For me, it is life and death issue. For you, it is “Save the rainforests” issue. A far away cause you might donate towards.
Giliell says
@70
Nah, plenty of rational people here, you’re just not one of them.
See, that’s a perfectly reasonable argument. “Fast chargers are too dangerous for my non existent garage and they also don’t exist” isn’t.
If you can talk about your non-existent garage, I can talk about your non-existent roof. Check your cake having and eating abilities at the door.
That’s incredible! As in “I don’t believe it” A 200 miles battery would put you into the range of a full EV, especially in an older model.Even assuming the most generously low energy use, that would at least mean a 40 to 50 kw/h battery. And then you add another 800 miles just on gas! Even with an incredibly low 6l/100 km that would add another 80l gas tank… All in one car!

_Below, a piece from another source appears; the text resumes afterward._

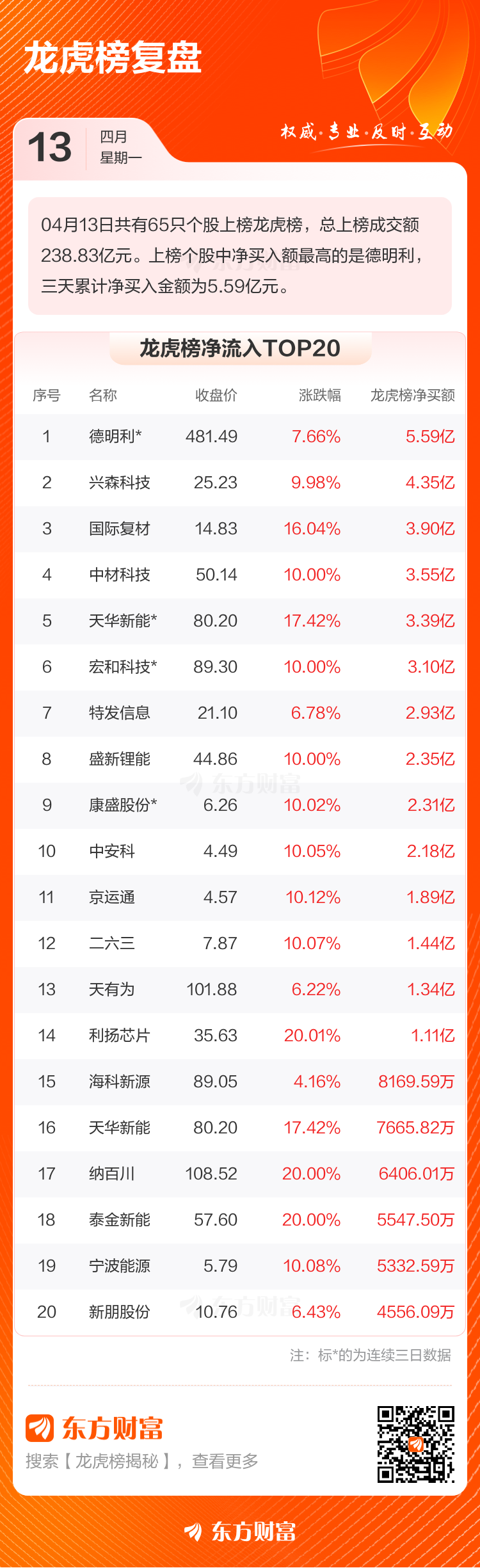 4月13日龙虎榜复盘:德明利净买额居首(2) 4月13日龙虎榜复盘:德明利净买额居首(2)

I know, this may be hard for you to believe, but there’s people old enough to have bought cars before social media and, this may be even harder for you to believe, coming from where you stand, there are people who are able to read statistics.
Damn, you mean when I bought a car that was specified to be able and allowed to pull 1300kg I shouldn’t have believed that the car was able to pull 1300 kg? Because unlike you, I do live in a place with regulations. Please, your condescension isn’t just oozing, it’s also no match for mine.
Please, oh wise one, tell me what the size has to do with the temperatures? My goodness, your attempt at moving the goalpost is insulting.Did you believe that I was that stupid so I wouldn’t notice? Or are you so stupid that you don’t notice?
OK, yes, you are that stupid. People usually don’t just buy coffee, they also drink it. I don’t consider 20 minutes enough to get a coffee and drink it in peace. Your mileage may wary, but hey, you probably even drink Starbucks.
At 6$ per gallon you never spent more than 40 bucks a month. Means you bought about 12 gallons. At your best 78 mils per gallon, that’s 936 miles a month, that’s 1400km. I drive 500 km a week, so I drive about 2000-2200km a month. Looks like it’s your car that is parked a lot more than mine. Also, I sleep at night. The EV doesn’t need me to hold the charging cable.
Suddenly you got a power line that is long enough…
Now, I’m absolutely willing to believe that the USA lack any sensible regulation. What they don’t lack is physics. Even if you install a 50 kw fast charger at home, it’s unlikely that the power line running to your house will be able to run it and the local power gird is likely to break down. You can also install a fire hose on your water tap, but it won’t fill the pool. Didn’t you try to lecture me on reading the specifics?